Data excerpts:
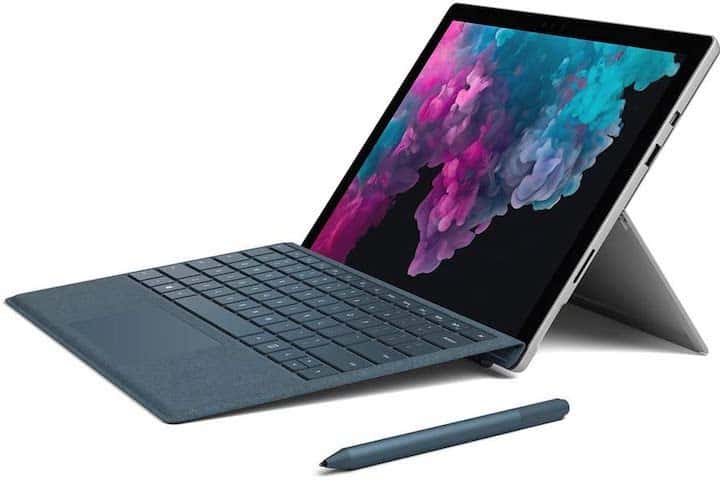 Microsoft Surface Pro 6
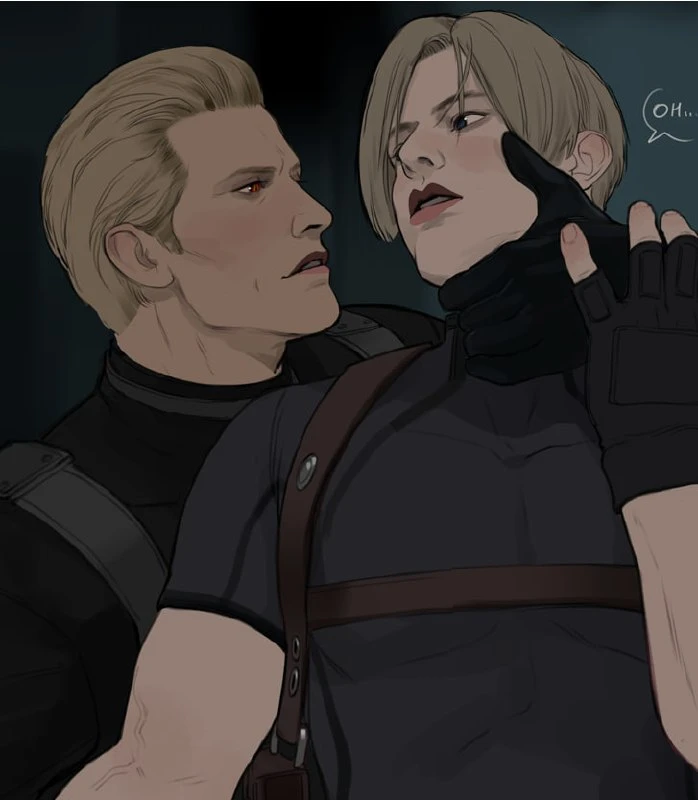 Фанаты Resident Evil предпочитают мужчин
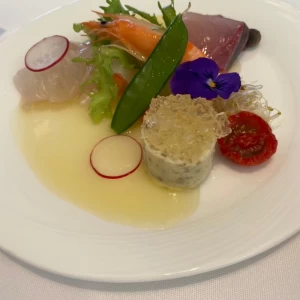 コース料理|680904さんのTOBE AUBERGE RESORT HOTEL（トベオーベルジュリゾート）の写真(1947601)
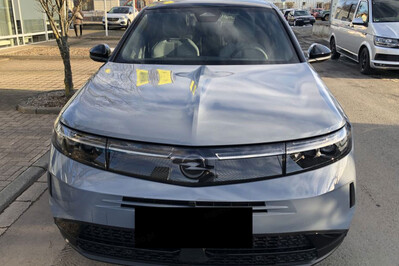 Opel Grandland X GS 1.2 Turbo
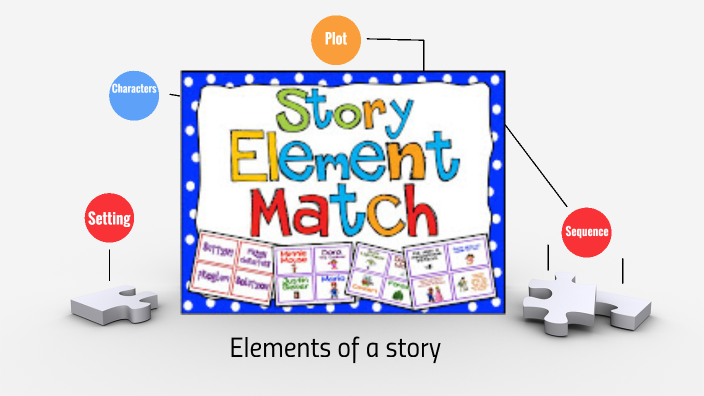 Elements of a Story by Alisha Johnson on Prezi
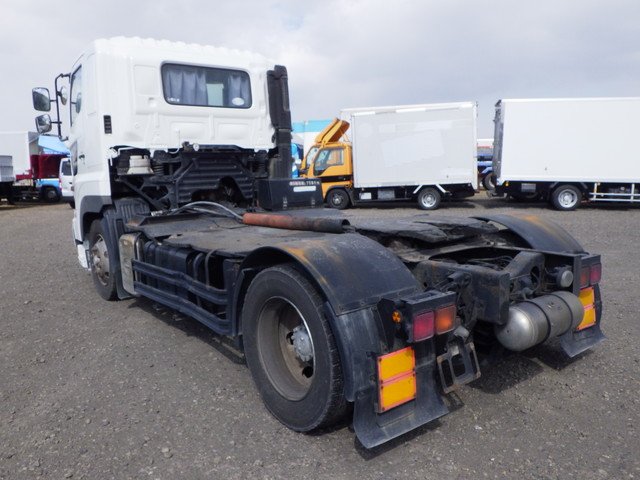 HINO KS-SH1EGJG 6W Tractor Head over 10t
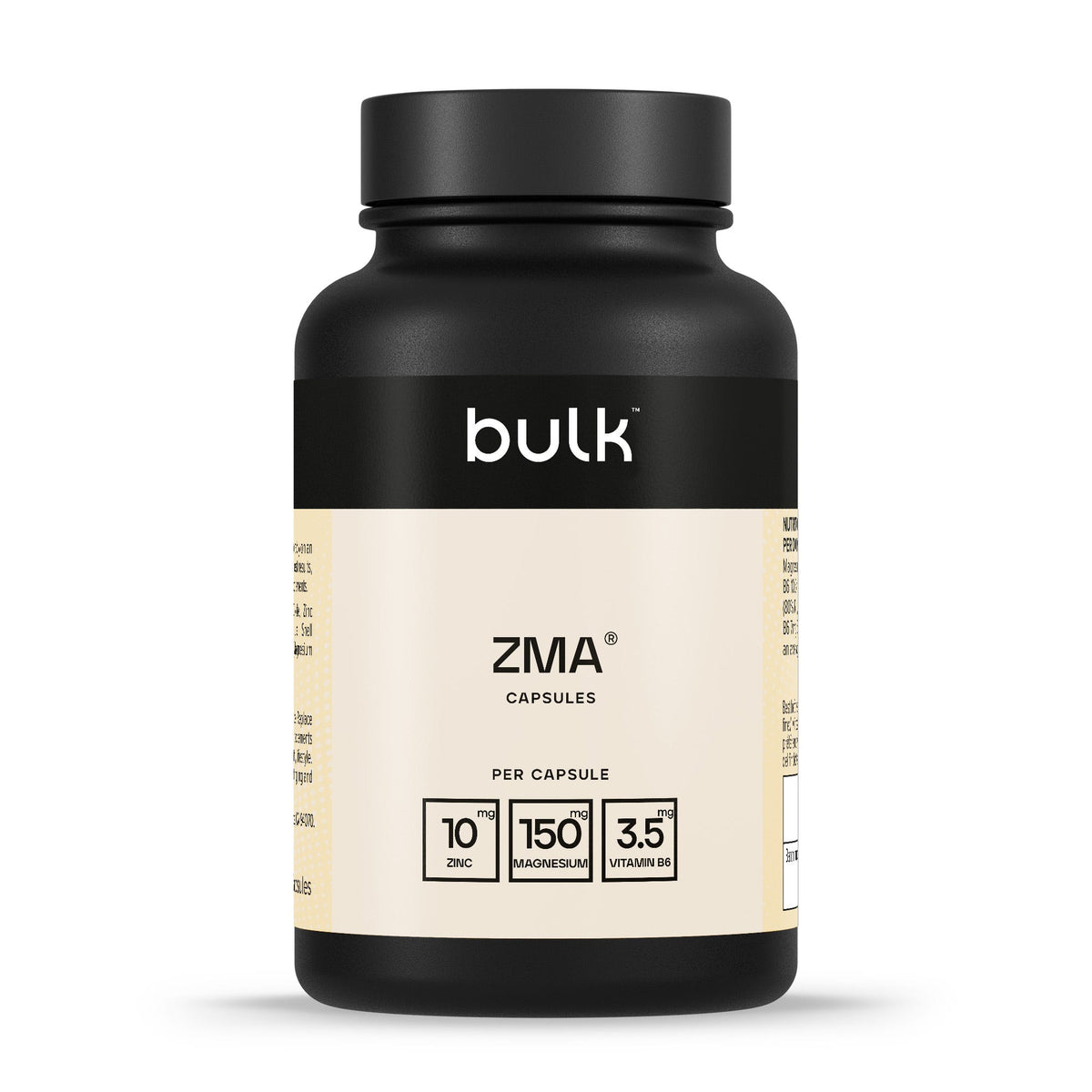 ZMA® Capsule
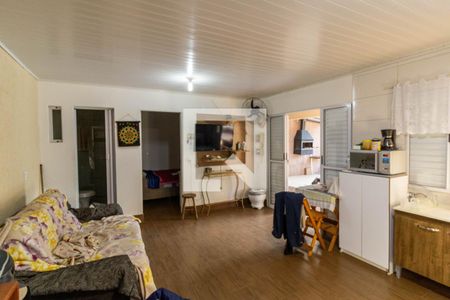 Sala/Cozinha de casa à venda com 2 quartos, 60m² em Ipanema, Porto Alegre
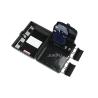 Buy cheap FTTH Fiber Optic Distribution Box 16 Fibers Wall Mounted / Pole Mounted from wholesalers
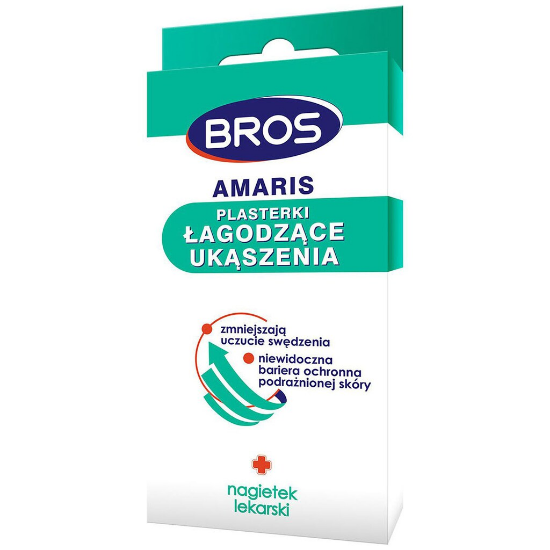 BROS AMARIS MORSO CEROTTI LENITIVI - 20 PZ. COD. 830039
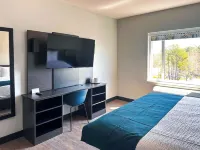 Studio 6 Richmond, VA - Airport Hotels in Varina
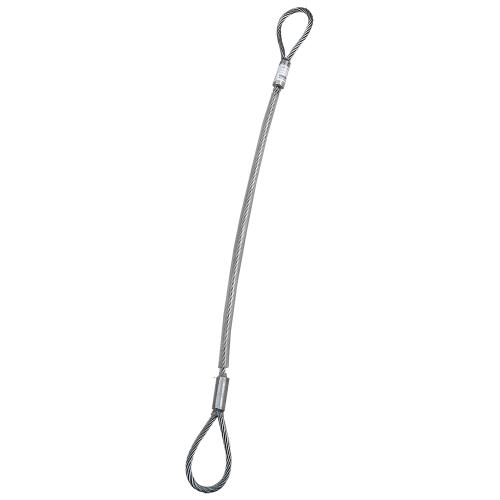 Оттяжка стальная Sara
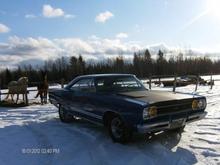 winter warm up GTX 005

WHAT YOU SHOULD DO:
Could you copy every record above exactly, leaving out the pictures?

SOLUTION TO THIS TASK:
 Microsoft Surface Pro 6
 Фанаты Resident Evil предпочитают мужчин
 コース料理|680904さんのTOBE AUBERGE RESORT HOTEL（トベオーベルジュリゾート）の写真(1947601)
 Opel Grandland X GS 1.2 Turbo
 Elements of a Story by Alisha Johnson on Prezi
 HINO KS-SH1EGJG 6W Tractor Head over 10t
 ZMA® Capsule
 Sala/Cozinha de casa à venda com 2 quartos, 60m² em Ipanema, Porto Alegre
 Buy cheap FTTH Fiber Optic Distribution Box 16 Fibers Wall Mounted / Pole Mounted from wholesalers
 BROS AMARIS MORSO CEROTTI LENITIVI - 20 PZ. COD. 830039
 Studio 6 Richmond, VA - Airport Hotels in Varina
 Оттяжка стальная Sara
 winter warm up GTX 005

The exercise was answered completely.